Oturmak, yoğun geçen bir günden sonra hoş bir mola olabilir. Ama çoğumuzun tüm gününü bir masanın önünde geçirdiğini ve sonra da TV karşısına kurulduğunu düşününce, sormadan edemiyoruz: Bu kadar oturmaktan vücudumuz nasıl etkileniyor?
Cevap biraz şaşırtıcı: Oturduğunuz anda, kaslarınızdaki elektriksel aktivite ani bir şekilde düşüyor. Ayrıca kalori yakma hızınız da dakikada 1 kaloriye iniyor.
Sadece 3 saat oturduktan sonra bile, atardamarlarınızdaki genleşme kabiliyeti % 50 azalıyor ve bu da kan akışınızı olumsuz etkiliyor.
24 saat kesintisiz oturunca vücudunuzdaki insulin, glukoz kullanabilme yeteneğinin % 40’ını kaybeder. Bu da Tip 2 Diyabet riskini artırır.
Oturma sürenizi biraz daha artırınca başınıza neler geleceğine de bakalım. 2 hafta boyunca günde 6 saatten fazla oturursanız, kötü kolesterol olarak da bilinen LDL kolesterolünün seviyesi artar.
Bu artışa, kilo almanızı kolaylaştıracak olan yağ molekülleri de eşlik eder. Daha da önemlisi, yağları parçalamakla görevli olan enzimlerin görevi aksar.
Bu enzimler, bu süre boyunca aktifliğini yitirdiği için kas hücreleri parçalanmaya başlar. Sonuç olarak, kasılma yeteneği azalan kaslar, kalbe olan kan akışını sekteye uğratır.
Düzenli olarak spor yapsanız bile, hareket etmeyi durdurduğunuz anda, oturma sürenizle orantılı olarak bahsettiğimiz yıpranmalar tekrardan başlar. Korkutucu kısım da bu zaten.
Bir yıl bu kadar oturunca oluşan sonuçlar daha da kötü. Örneğin, çok oturan kadınlar üzerinde yapılan bazı araştırmalara göre, toplam kemik ağırlığı her yıl % 1 oranında azalıyor.
Önemli olan beynim, vücudum sorun değil mi diyorsunuz? Fiziksel aktivite, beyninize hem kan ve oksijen pompalanmasına yardım eder, hem de ruhsal durumunuzu iyileştirecek hormonlar gönderir.
Hareket etmediğimiz zamansa beyin fonksiyonları yavaşlar. Belki de uzun süre oturmanın en şok edici sonucu 10-20 yıl süreyle günde 6 saat oturunca ortaya çıkıyor.

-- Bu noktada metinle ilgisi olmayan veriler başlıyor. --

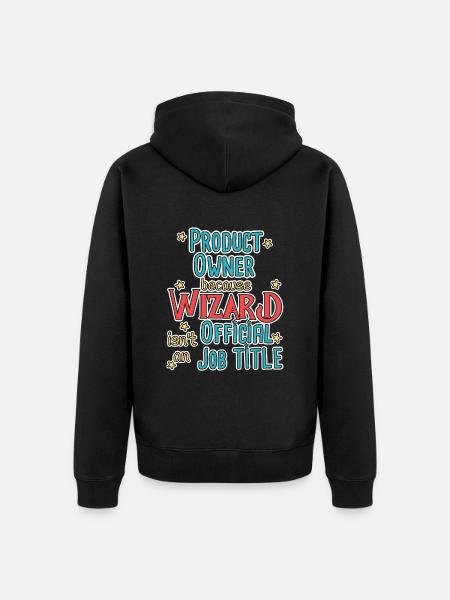 Product Owner Wizard - Unisex Premium Organic Zip Hoodie - black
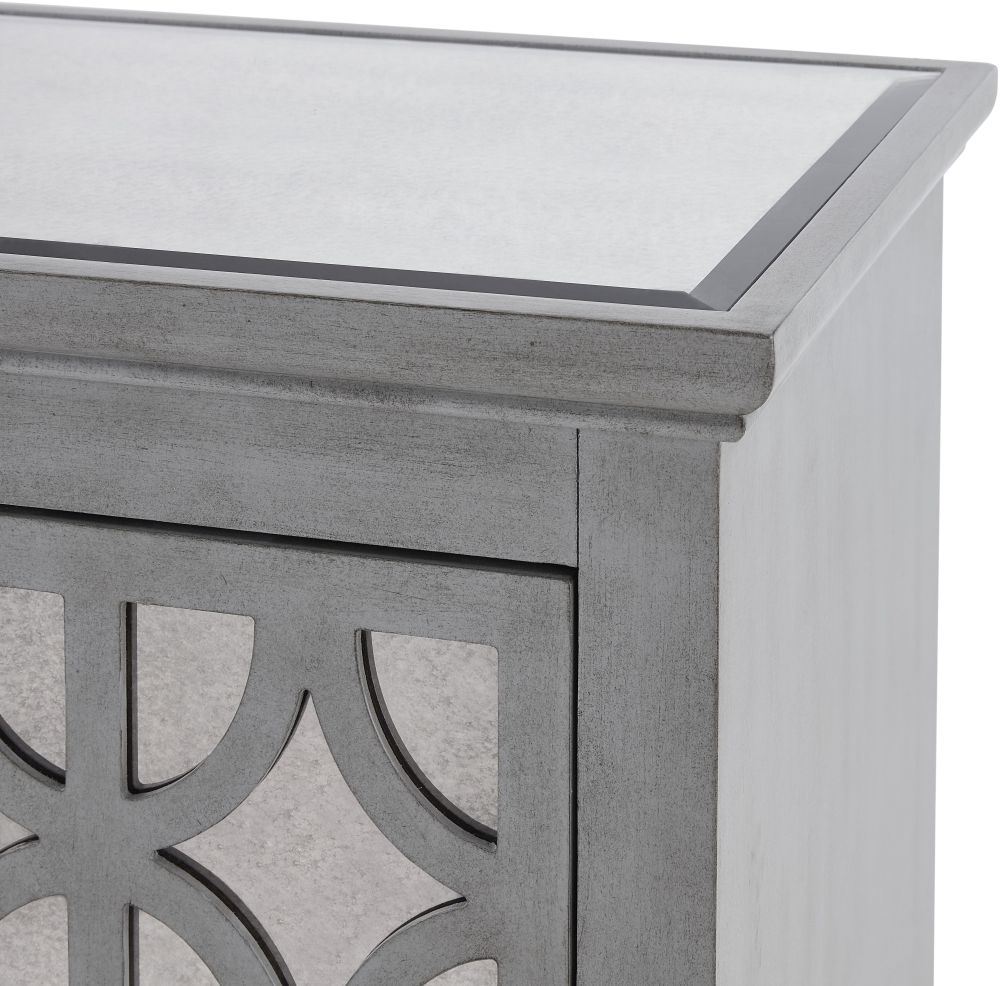 Product photograph of Russell Grey Mirrored Side Table from Choice Furniture Superstore.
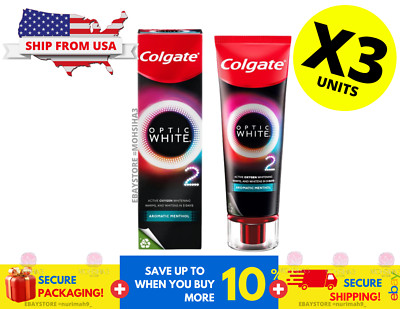 Pack of 3 Colgate Optic White O2 Whitening Toothpaste Active Oxygen Bubbles 85 g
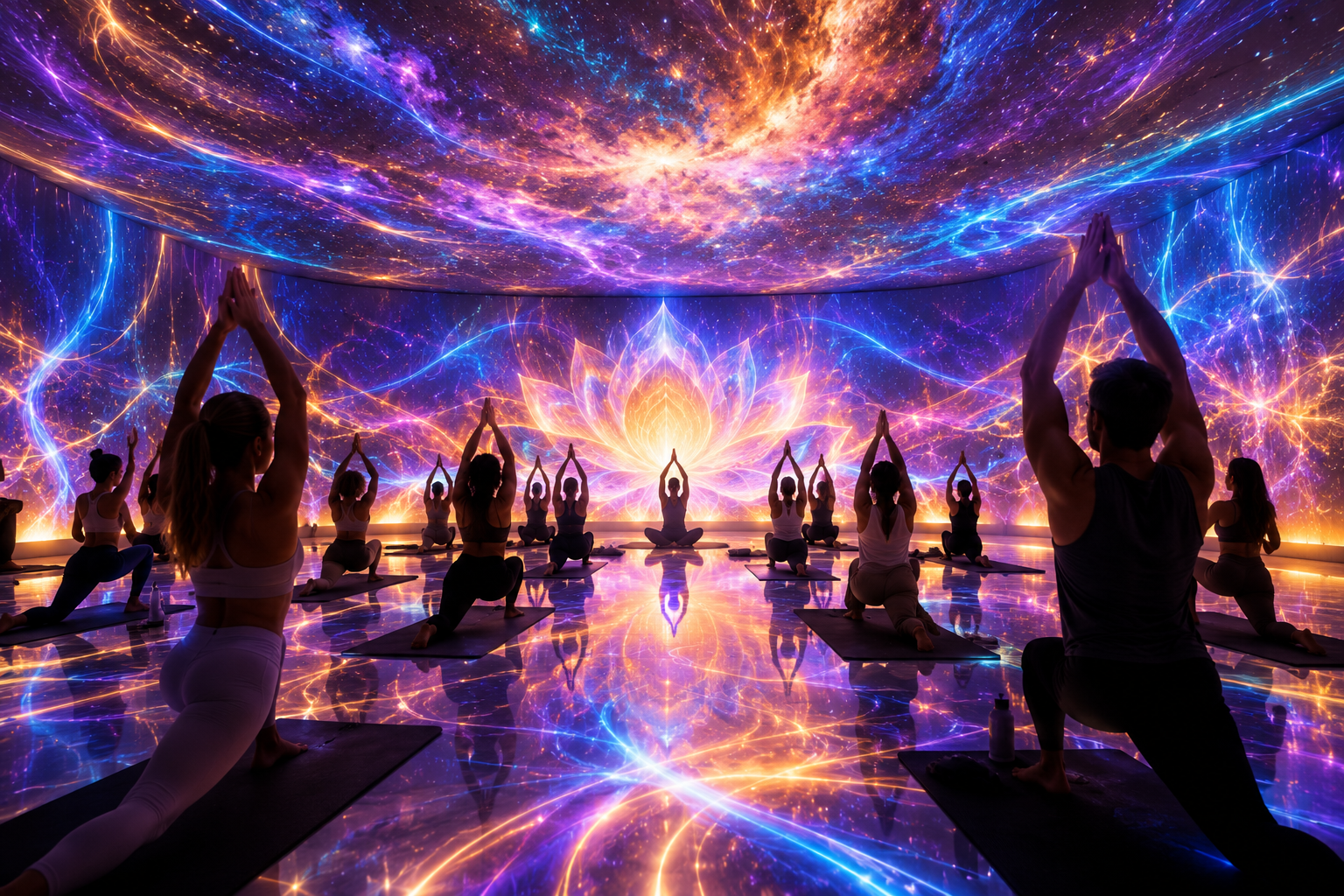 A group of people practicing yoga in a room with walls and ceiling displaying a vibrant, cosmic-style digital projection of colorful galaxy, stars, and a lotus flower, with reflections on the shiny floor.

Bu kadar süre hareketsiz kalmakla hayatınızın kaliteli 7 yılını kaybetmiş olabilirsiniz.
Kaliteli yıl derken, sağlık sorunları ya da ölüm olmadan geçen yıllardan bahsediyoruz. Çünkü hareketsiz geçen bu yıllar sonunda, kalp hastalıklarından ölme olasılığı % 64, prostat ya da göğüs kanseri olma riskiyse % 30 artıyor.
Eğer tüm insanlık olarak oturma süremiz günde 3 saati geçmeseydi, yaşam süremiz ortalama 2 yıl daha uzun olabilirdi.
Kısacası, vücutlarımız hareketsiz kalmak için dizayn edilmemiş. Yani, işteyken 8 saat oturmak, iş sonrası eve gelip TV izleyenler için de, spor salonuna koşanlar için de aynı şekilde kötü.
Bu kadar oturmanın ölümcül etkileri bile olabilir. Esneme hareketleri ve ofiste çalışırken yarım saat gibi aralıklarla kalkıp 1-2 dakikalık yürüyüşler bütün bu tehlikeden sizi uzak tutmaya yetebilir.